そのため、遺産分割協議をする際に、万が一あとから新たな財産が見つかったら誰が相続するのかを事前に決めておくことも大切です。
事前に決めていなかった場合は、改めて遺産分割協議をやり直し誰が相続するかを決定します。
そのうえで、相続した方が訂正申告または修正申告をしなければなりません。
なお、修正申告の場合は延滞税がかかります。
あとから新たな財産が見つかる可能性も踏まえ、早めに申告を済ませておきましょう。
申告期限内であれば訂正申告で済み、延滞税などを支払う必要がありません。
被相続人が亡くなり財産の整理をしていた際、相続税の課税対象ではないと考えて申告をしていなかったケースでも、修正申告が必要となることがあります。
とくに、みなし相続財産を含まずに相続税の申告や納付をしてしまうケースは少なくありません。
みなし相続財産とは、亡くなった方の財産ではないにも関わらず、相続税の課税対象となる財産のことをいいます。
たとえば、母親が子どもを受取人として生命保険に加入していた場合、母親が亡くなったら死亡保険金は子どもが受け取ることになります。
このとき、保険料を母親自身が支払っていた場合、実質的に子どもは母親の財産を相続したことになるのです。
死亡保険金には非課税限度額が設けられているためその範囲内であれば相続税はかかりませんが、限度額を超えると相続税の課税対象となります。
とくに生命保険における死亡保険金の受け取りに関しては、保険料の支払いをしている方・受取人・被保険者がそれぞれ誰かによってかかる税の種類が異なります。

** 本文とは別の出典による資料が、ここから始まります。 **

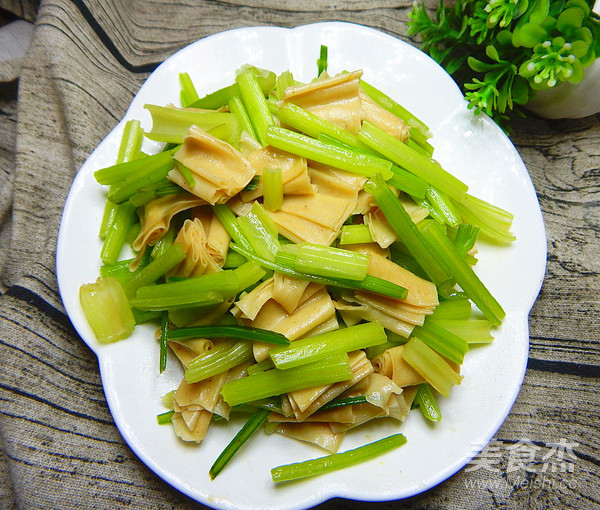 芹菜炒豆皮的做法-咸鮮味炒菜譜-易網(wǎng)健康養(yǎng)生網(wǎng) 芹菜炒豆皮的做法-咸鮮味炒菜譜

そのため、知らずに見逃してしまう方は少なくないのです。
相続税の修正申告は、どのような流れでおこなえばよいのでしょうか。
以下で4つのステップを紹介します。
まずは、修正申告に必要な書類を集めなければなりません。
相続税の修正申告をするには、自ら税務署に修正申告書を提出しなければならないため、必要書類も自分で入手することになります。

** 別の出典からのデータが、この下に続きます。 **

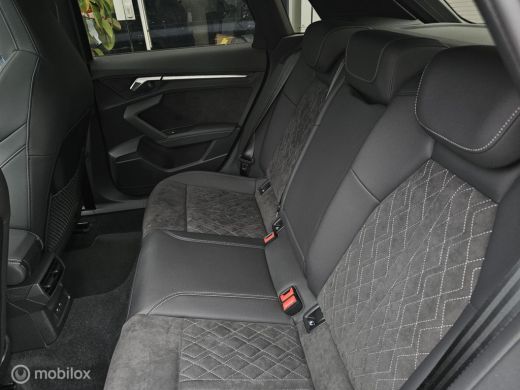 Audi A3 Sportback 40 TFSI e Edition 3x S-line Panorama/Massage ActivLease financial lease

税理士に依頼する場合は、税理士が用意してくれるでしょう。
自分で修正申告をおこなう際の申告書は、全国の税務署で入手することができます。
また、国税庁のホームページからダウンロードをすることも可能です。
「相続税の申告書等の様式一覧」のページから修正申告用の申告書を選択しましょう。
なお、修正申告において必ず提出しなければならないのは、第1表「相続税の申告書」と第15表「相続財産の種類別価額表」です。
ほかにも、相続税に関する特例などを適用したい場合は、使いたいものに合わせた書類を準備しましょう。

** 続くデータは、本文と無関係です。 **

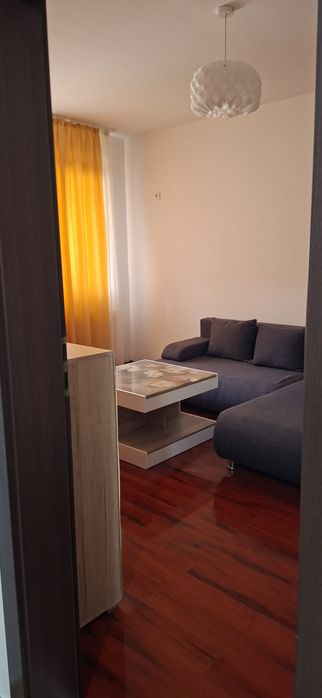 Apartament 2 cam de inchiriat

たとえば、配偶者の税額軽減を利用するなら第5表「配偶者の税額軽減額の計算書」の提出が必要です。
書類が準備できたら、修正用の申告書を作成しましょう。
第1表「相続税の修正申告書」には、被相続人の氏名や住所などの情報のほか、修正申告金額・修正前の税額・修正申告による納付税額などを記入します。
ほかにも必要な書類はダウンロードし、項目ごとに記入しましょう。
なお、被相続人の相続開始日が2016年以後である場合は、個人番号の記載が必要です。
マイナンバーカードの写しか、マイナンバー通知カードと本人確認書類の写しを添付する必要もあるため、準備しておきましょう。
修正申告によって追加で納付しなければならない相続税は、修正申告書の提出日までに延滞税とともに納付しなければなりません。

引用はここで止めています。